No começo de agosto, o nível da reserva hídrica, que está em 35% da média histórica, forçou as autoridades a desligarem a hidrelétrica Edward Hyatt. A usina produz 1% da energia usada diariamente em épocas de alta demanda, como o verão. Esta foi a primeira vez que ela foi desligada desde o início da sua operação, há 53 anos. O marco é um novo e preocupante antecedente para uma região que conta as chuvas de cada temporada nos dedos de uma mão. As baixas reservas e as altas temperaturas obrigaram as autoridades a pedirem aos 40 milhões de californianos que reduzam seu consumo de energia durante cinco horas de horário de pico, à tarde, para garantir o bom funcionamento da rede. Estes eventos climáticos extremos, que devem aumentar com o aquecimento do planeta, já causam problemas às infraestruturas energéticas de outros gigantes dos Estados Unidos, como o Texas.

Isto não é um problema exclusivo de Oroville. Das 12 reservas hídricas da Califórnia, 9 estão atualmente com uma ocupação inferior a 40%. Entre estas está o lago Shasta, o maior do Estado e uma fonte indispensável de água para Sacramento e o vale central. Está em 26% de sua capacidade, quando sua média histórica para o período é de 42%. O píer da zona foi deslocado 60 metros lago adentro para poder manter as embarcações à tona.

Para encontrar uma situação pior é preciso remontar a 1976 e 1977, dois dos anos mais secos da Califórnia. Antes que a mudança climática começasse a atingir níveis alarmantes, estes eram, respectivamente, o quarto e o primeiro ano mais seco em um século de registros (2021 é o segundo).

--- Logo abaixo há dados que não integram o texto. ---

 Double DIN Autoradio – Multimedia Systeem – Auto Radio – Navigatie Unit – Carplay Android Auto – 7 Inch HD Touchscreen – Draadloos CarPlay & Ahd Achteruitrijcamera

Ambos tiveram níveis baixíssimos de chuva, o que causou situação de alerta no Estado, que naquele tempo recolhia 60% de seus recursos hídricos de reservas na superfície. Aquela situação crítica resolveu-se quase por milagre com as intensas chuvas de janeiro a março de 1978. Elas permitiram recuperar as reservas e evitaram um terceiro ano consecutivo de seca, que “teria tido consequências catastróficas em muitas áreas”, segundo um relatório da época.

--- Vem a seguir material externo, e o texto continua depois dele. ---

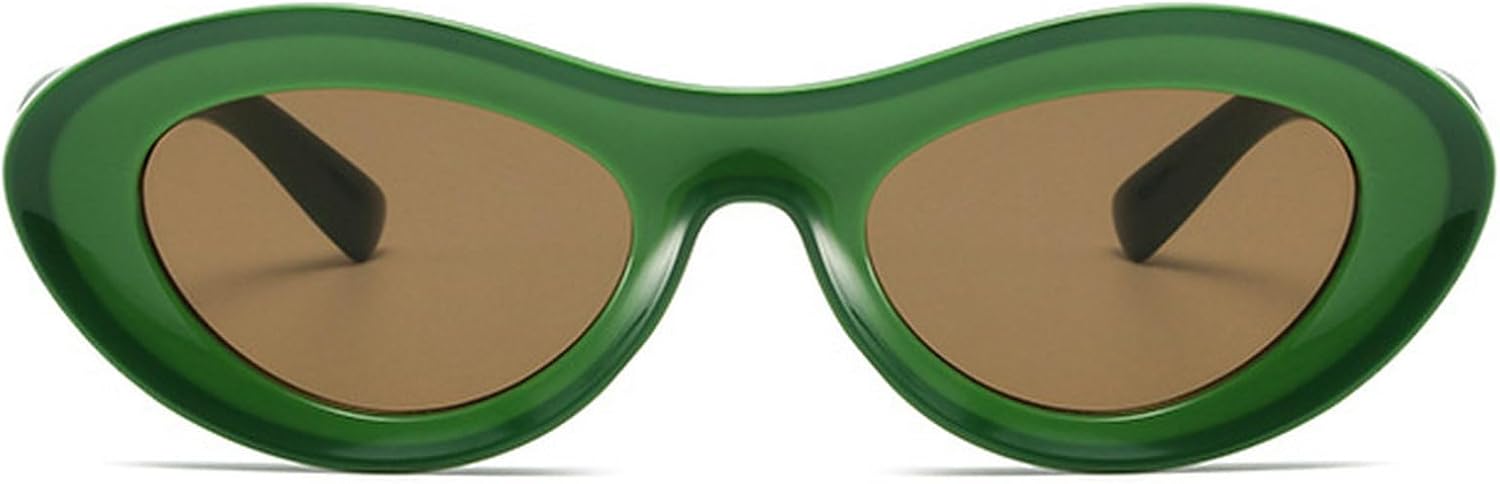 Овальные солнцезащитные очки для женщин 2024 года, стильные, разноцветные, для активного отдыха, модные для мужчин, дизайнерские, с защитой от УФ-излучения, для пляжных вечеринок mincl, Green
Овальные солнцезащитные очки для женщин 2024 года, стильные, разноцветные, для активного отдыха, модные для мужчин, дизайнерские, с защитой от УФ-излучения, для пляжных вечеринок mincl, Green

A incrível recuperação de 1978 assegurou inclusive o abastecimento para 1979. O relatório fazia uma advertência importante: “As bacias subterrâneas do Estado devem ser recarregadas para prover novamente as margens de operação de 1977”. Hoje, entretanto, este conselho foi ignorado. A maioria dos agricultores esgota os lençóis freáticos ao perfurar poços, buscando uma água que não se encontra na superfície.

A chuva providencial teve outro momento estelar no final de 2017, que ganhou um lugar na memória como um dos invernos mais úmidos da história do Estado. “Baixou tanta neve derretida das montanhas da Serra Nevada que quase elimina a represa de Oroville. Ela resiste e as comportas também. Toda a nova água flui para o delta, e o que não chega ao mar enche novamente os aquedutos”, descreve o jornalista Mark Arax em The Dreamt Land, uma narrativa sobre as lutas da Califórnia e o possante impulso do agronegócio em tempos de seca. As chuvas de inverno deixam excedentes nos fluxos pela primeira vez em seis anos.

Agora não está tão claro que o milagre venha logo. Jelena Lukovic, uma cientista sérvia, publicou no começo de 2021 uma pesquisa mostrando que o início da temporada de chuvas na Califórnia se deslocou em 27 dias, de novembro para dezembro, e com as precipitações mais copiosas chegando em janeiro e fevereiro. Esta é a conclusão de uma equipe de cientistas que testou modelos climáticos alimentados com variáveis dos últimos 60 anos e concluiu que houve uma mudança nos padrões da circulação atmosférica. Isto quer dizer que os outonos serão mais secos, o que representa uma possibilidade de que se prolongue a temporada de incêndios florestais. A descoberta dos cientistas exige que a Califórnia cuide melhor de uma água cada vez mais escassa.